Diversification is a strategy that makes it possible to hold many types of investments in one portfolio. Typically, diversification lowers risks when the returns on different assets are not closely correlated with each other, writes CFP Roger Wohlner in a U.S. News & World Report article. Because the future is always uncertain, adding unusual investments to your portfolio means that you might increase your overall returns if these investments perform well, although each investment carries its own risks. Prudence dictates that investors thoroughly understand the risks of any investment before shelling out cash.

Life Settlements

Investigate life settlements, which allow investors to buy into a pool of life insurance policies. This investment is not an insurance product nor an openly traded security. Rather, it’s a private offering that allows an investor to buy into a life insurance pool and become the beneficiary of the pool’s life insurance policies. The minimum investment in California ranges from $15,000 to $25,000, but rules vary among the states. According to financial adviser Adam J. Hurley, “Life settlement shares are not correlated to any market. We’ve found that the projected yield to maturity is 65 percent.” The downside of life settlements is that people are living longer, which can reduce annual returns. Another risk involves the ratings of the life insurers — by sticking to pools that contain policies issued by highly rated insurers, you decrease the risk of the insurer defaulting or going bankrupt.

Equity-Indexed Annuities

Consider investing in annuities, which are contracts that allow you to pay premiums now, invest the premiums in a tax-sheltered account and receive cash payments later. An equity-indexed annuity offers a return made up of fixed and variable portions. The variable portion is linked to a benchmark index, such as the S&P 500. Hurley says he’s keen on “attractive indexed annuities that charge small upfront fees, have limited downside risk and provide tax-advantaged income for life.” But equity-indexed annuities can be complex, may provide smaller returns than would direct investments in the index, and surrender, or early termination, fees up to 20 percent may apply.

Trust Preferred Shares

Learn about trust preferred shares, or TruPS. These are hybrid securities that combine features of bonds and preferred stock. A bank establishes a trust company and issues it a bond that becomes the trust’s sole asset. The trust then issues TruPS that trade on a stock exchange. You can buy a TruP for as little as $25 and receive quarterly distributions that count as ordinary income. TruPS often provide high yields. You can also make money if the price of the TruP increases, normally because of falling interest rates. On the downside, the trust usually can recall the shares if interest rates decline substantially and can defer some payments, which lowers the return. A rise in interest rates drives down TruP prices. Another risk is that the bond issuer might go bankrupt.

Gold Participation Bonds

Research ways to diversify you portfolio with gold and other precious metals. One vehicle for gold investing is the gold participation bond.
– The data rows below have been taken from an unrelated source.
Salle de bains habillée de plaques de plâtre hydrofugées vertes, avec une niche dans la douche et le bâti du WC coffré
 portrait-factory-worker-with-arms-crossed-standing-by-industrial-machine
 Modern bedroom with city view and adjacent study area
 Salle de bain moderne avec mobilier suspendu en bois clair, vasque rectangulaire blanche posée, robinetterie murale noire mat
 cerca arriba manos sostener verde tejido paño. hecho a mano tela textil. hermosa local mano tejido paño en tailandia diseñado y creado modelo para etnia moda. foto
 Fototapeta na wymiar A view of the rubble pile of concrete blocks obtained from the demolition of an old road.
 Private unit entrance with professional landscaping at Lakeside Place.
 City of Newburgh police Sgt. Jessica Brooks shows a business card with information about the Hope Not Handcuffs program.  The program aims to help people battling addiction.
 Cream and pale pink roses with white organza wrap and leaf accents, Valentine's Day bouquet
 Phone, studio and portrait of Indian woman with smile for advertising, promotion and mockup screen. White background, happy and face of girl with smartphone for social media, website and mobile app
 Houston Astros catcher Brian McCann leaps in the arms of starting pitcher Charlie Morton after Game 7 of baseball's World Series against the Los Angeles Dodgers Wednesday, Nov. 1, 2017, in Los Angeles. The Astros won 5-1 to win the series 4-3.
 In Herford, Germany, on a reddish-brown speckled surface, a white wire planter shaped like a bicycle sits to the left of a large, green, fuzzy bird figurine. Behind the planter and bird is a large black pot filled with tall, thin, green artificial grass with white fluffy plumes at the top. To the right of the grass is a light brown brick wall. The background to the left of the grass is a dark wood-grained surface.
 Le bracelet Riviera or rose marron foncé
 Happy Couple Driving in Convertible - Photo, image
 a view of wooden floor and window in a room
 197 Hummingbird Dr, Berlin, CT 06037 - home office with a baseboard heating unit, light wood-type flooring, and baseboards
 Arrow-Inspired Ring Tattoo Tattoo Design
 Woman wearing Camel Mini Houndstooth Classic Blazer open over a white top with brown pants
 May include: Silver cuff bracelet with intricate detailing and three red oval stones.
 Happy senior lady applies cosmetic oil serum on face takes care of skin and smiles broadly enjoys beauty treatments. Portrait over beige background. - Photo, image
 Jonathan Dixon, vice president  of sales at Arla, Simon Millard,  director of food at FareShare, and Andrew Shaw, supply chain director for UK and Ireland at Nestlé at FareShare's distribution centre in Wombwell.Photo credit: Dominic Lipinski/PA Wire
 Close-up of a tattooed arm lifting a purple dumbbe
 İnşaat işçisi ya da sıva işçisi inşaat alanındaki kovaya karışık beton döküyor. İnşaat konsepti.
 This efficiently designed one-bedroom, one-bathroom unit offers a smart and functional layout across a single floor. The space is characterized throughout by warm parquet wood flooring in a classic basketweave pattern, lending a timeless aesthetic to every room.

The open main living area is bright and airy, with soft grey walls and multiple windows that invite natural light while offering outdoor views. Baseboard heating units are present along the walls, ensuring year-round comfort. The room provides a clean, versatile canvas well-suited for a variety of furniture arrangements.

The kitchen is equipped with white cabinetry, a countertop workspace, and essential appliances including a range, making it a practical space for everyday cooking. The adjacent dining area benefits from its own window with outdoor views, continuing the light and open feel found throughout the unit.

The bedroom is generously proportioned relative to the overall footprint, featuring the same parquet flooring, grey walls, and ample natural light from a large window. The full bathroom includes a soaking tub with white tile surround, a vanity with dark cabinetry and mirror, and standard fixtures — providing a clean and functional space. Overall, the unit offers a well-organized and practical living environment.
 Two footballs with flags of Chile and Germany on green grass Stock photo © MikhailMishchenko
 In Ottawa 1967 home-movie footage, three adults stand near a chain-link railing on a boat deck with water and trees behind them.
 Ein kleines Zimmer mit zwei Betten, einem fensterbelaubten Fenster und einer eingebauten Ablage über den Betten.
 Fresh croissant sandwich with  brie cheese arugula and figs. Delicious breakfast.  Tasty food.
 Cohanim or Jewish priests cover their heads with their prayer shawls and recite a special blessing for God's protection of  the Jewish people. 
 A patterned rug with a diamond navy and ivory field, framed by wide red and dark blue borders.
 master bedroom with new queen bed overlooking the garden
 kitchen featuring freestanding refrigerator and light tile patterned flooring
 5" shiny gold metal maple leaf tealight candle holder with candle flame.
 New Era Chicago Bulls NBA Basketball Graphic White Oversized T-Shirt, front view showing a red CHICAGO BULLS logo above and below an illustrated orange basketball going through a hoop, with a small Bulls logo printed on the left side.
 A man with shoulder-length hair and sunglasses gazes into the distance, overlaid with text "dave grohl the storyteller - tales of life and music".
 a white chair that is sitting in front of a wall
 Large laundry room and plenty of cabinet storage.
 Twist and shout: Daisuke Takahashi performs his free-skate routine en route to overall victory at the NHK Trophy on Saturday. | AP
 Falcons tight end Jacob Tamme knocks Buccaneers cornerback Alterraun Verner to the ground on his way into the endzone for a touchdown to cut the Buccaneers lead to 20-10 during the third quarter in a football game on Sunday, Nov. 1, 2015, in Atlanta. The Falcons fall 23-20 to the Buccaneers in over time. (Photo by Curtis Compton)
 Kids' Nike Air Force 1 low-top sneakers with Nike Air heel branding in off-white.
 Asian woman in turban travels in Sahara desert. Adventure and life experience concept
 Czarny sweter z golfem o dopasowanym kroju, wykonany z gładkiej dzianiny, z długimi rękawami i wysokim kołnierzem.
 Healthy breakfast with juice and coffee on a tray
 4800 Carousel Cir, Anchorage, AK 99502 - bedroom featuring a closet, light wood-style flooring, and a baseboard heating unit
Gold mines issue these bonds and back them with up to 20 percent of their gold reserves. Investors receive quarterly payouts composed of cash payments and shares of an exchange-traded fund indexed to the price of gold. The ETF shares trade on an exchange just like stock shares, but their value largely depends on the current price of gold. Through gold participation bonds, investors can gain exposure to the gold market and also receive cash payments. On the negative side, ETF shares lose value if the price of gold declines.